Write out the entries below exactly, from the first line to the one with "17142 1b-013 Collar", both ends included.
*****
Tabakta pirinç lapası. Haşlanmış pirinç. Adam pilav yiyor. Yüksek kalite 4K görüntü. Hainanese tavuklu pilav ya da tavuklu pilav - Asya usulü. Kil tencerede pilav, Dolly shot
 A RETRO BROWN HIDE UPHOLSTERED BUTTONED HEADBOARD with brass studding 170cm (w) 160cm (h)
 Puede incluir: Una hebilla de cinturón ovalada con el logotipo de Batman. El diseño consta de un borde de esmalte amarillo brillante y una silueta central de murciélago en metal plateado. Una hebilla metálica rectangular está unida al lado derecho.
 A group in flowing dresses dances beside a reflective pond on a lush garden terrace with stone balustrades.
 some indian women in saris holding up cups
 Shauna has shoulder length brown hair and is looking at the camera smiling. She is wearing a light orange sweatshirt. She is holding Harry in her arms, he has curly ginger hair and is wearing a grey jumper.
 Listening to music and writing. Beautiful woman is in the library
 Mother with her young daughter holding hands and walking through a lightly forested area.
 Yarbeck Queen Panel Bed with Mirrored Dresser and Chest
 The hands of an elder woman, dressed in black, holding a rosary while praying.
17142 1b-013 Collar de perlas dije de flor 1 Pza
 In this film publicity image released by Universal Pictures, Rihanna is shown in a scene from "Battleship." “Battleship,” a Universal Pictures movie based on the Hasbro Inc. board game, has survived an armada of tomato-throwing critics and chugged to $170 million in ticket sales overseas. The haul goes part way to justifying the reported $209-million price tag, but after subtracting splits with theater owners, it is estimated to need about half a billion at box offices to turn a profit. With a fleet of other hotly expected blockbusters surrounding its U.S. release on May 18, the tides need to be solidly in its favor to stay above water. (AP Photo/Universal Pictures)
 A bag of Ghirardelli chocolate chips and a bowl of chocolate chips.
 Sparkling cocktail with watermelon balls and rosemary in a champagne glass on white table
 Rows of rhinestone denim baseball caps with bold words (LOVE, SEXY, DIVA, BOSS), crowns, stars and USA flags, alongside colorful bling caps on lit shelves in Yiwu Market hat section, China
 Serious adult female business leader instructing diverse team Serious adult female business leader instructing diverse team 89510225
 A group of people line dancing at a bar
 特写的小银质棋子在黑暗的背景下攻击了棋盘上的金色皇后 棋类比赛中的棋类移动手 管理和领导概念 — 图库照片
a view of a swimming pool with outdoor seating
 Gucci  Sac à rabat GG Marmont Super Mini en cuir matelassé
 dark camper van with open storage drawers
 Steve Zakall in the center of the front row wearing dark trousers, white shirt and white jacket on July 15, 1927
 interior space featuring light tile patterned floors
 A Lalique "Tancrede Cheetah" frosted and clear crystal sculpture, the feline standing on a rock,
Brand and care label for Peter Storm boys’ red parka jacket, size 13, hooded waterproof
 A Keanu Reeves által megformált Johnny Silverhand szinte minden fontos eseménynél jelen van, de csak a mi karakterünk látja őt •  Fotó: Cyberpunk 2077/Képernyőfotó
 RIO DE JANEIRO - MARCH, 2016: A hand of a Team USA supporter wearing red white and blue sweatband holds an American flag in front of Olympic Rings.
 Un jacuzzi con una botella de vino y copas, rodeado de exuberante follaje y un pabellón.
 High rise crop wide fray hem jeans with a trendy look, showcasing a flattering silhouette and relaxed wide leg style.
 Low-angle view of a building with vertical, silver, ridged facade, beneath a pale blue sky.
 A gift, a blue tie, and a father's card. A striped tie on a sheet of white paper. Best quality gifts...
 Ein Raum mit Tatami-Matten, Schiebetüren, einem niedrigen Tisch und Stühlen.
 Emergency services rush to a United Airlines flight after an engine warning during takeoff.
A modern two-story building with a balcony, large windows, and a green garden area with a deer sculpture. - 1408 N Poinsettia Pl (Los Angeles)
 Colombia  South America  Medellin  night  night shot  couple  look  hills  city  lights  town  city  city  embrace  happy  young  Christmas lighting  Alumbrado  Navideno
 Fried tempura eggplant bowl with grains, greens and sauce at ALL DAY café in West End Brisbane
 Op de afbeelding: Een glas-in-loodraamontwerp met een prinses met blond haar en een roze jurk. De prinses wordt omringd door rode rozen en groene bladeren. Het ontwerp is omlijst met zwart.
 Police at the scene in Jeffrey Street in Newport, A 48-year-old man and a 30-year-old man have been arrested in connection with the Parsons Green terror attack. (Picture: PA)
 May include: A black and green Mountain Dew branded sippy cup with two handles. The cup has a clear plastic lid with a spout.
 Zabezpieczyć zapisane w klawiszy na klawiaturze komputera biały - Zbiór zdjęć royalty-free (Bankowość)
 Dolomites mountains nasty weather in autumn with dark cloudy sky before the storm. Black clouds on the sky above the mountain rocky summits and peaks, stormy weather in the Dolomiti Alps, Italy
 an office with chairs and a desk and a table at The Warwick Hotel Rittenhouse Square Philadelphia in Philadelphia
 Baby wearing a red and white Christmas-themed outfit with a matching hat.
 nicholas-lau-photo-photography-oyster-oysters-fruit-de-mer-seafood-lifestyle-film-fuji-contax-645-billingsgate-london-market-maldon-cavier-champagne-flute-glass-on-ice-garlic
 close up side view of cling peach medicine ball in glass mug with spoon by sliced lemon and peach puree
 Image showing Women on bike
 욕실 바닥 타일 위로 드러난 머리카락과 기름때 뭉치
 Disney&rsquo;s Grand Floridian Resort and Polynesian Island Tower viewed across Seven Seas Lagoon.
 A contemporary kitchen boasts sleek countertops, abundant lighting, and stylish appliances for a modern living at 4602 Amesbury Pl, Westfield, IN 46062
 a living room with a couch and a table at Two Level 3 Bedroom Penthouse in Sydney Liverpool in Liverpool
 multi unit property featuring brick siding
*****
| RESPONSE BOX |
Tabakta pirinç lapası. Haşlanmış pirinç. Adam pilav yiyor. Yüksek kalite 4K görüntü. Hainanese tavuklu pilav ya da tavuklu pilav - Asya usulü. Kil tencerede pilav, Dolly shot
 A RETRO BROWN HIDE UPHOLSTERED BUTTONED HEADBOARD with brass studding 170cm (w) 160cm (h)
 Puede incluir: Una hebilla de cinturón ovalada con el logotipo de Batman. El diseño consta de un borde de esmalte amarillo brillante y una silueta central de murciélago en metal plateado. Una hebilla metálica rectangular está unida al lado derecho.
 A group in flowing dresses dances beside a reflective pond on a lush garden terrace with stone balustrades.
 some indian women in saris holding up cups
 Shauna has shoulder length brown hair and is looking at the camera smiling. She is wearing a light orange sweatshirt. She is holding Harry in her arms, he has curly ginger hair and is wearing a grey jumper.
 Listening to music and writing. Beautiful woman is in the library
 Mother with her young daughter holding hands and walking through a lightly forested area.
 Yarbeck Queen Panel Bed with Mirrored Dresser and Chest
 The hands of an elder woman, dressed in black, holding a rosary while praying.
17142 1b-013 Collar de perlas dije de flor 1 Pza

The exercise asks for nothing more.